Full text of the study, “The Effect of Medical Marijuana Laws on Crime: Evidence from State Panel Data, 1990-2006,” appears online here.

Majority of Law Enforcement Officers Want to Reform Marijuana Laws

April 5th, 2014

A survey released this week by the publication Law Officer revealed that a majority of law enforcement officers want to see our country’s marijuana laws reformed.

The poll, which questioned over 11,000 law enforcement officers regarding their opinions on drug policy, revealed that just over 64% believed our marijuana laws needed to be relaxed in some form. When asked “Do you believe possession of marijuana for personal use should…” and presented with several options, 35.68% of respondents stated that marijuana be legalized, regulated and taxed, 10.84% chose that it should be be legalized for medical reasons and with a doctor’s prescription only, 14.24% said it should continue to be illegal but only punished via fines (no incarceration), and 3.68% said marijuana should simply be decriminalized. Only 34.7% believed marijuana should continue to be illegal with the criminal penalties that are currently in place.

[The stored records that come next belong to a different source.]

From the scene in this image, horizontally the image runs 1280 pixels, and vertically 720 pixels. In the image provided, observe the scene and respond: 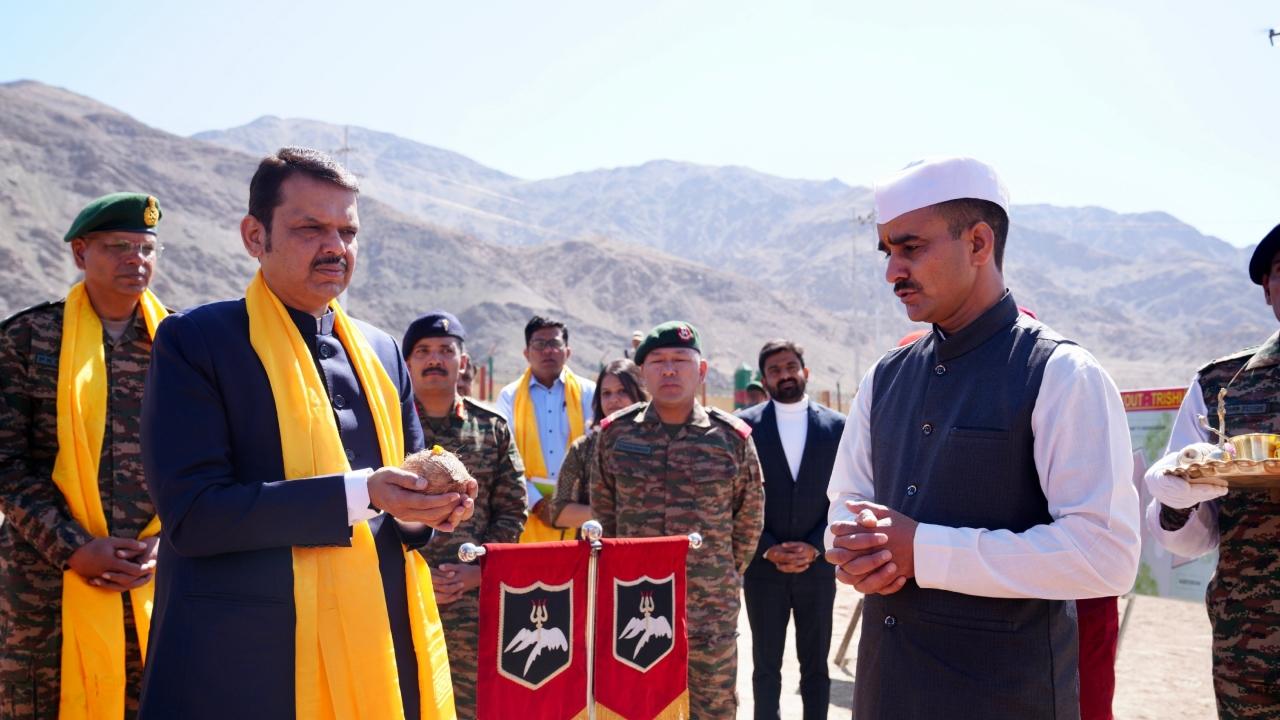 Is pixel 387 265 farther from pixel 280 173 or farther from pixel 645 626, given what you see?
pixel 280 173

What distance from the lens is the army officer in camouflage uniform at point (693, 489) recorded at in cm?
509

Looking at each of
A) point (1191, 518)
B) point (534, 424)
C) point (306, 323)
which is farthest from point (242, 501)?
point (534, 424)

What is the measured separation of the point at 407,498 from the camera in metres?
2.39

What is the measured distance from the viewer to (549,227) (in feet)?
617

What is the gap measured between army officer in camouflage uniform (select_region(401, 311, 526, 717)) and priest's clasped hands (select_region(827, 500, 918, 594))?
2.80 m

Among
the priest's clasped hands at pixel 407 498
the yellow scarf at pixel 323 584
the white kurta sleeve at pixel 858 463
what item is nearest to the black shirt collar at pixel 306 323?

“This poll reveals that support for marijuana prohibition is eroding even amongst those who are serving on the front lines enforcing it,” stated NORML Communications Director Erik Altieri, “When a majority of the American people and most of those tasked with implementing a law disagree with it in principle, it is time to change that law.”

You can view the full results of this survey here.

“Prohibition cannot be enforced for the simple reason that the majority of the American people do not want it enforced and are resisting its enforcement. That being so, the orderly thing to do under our form of government is to abolish a law that cannot be enforced, a law which the people of the country do not want enforced.” – New York Mayor Fiorello La Guardia on alcohol prohibition.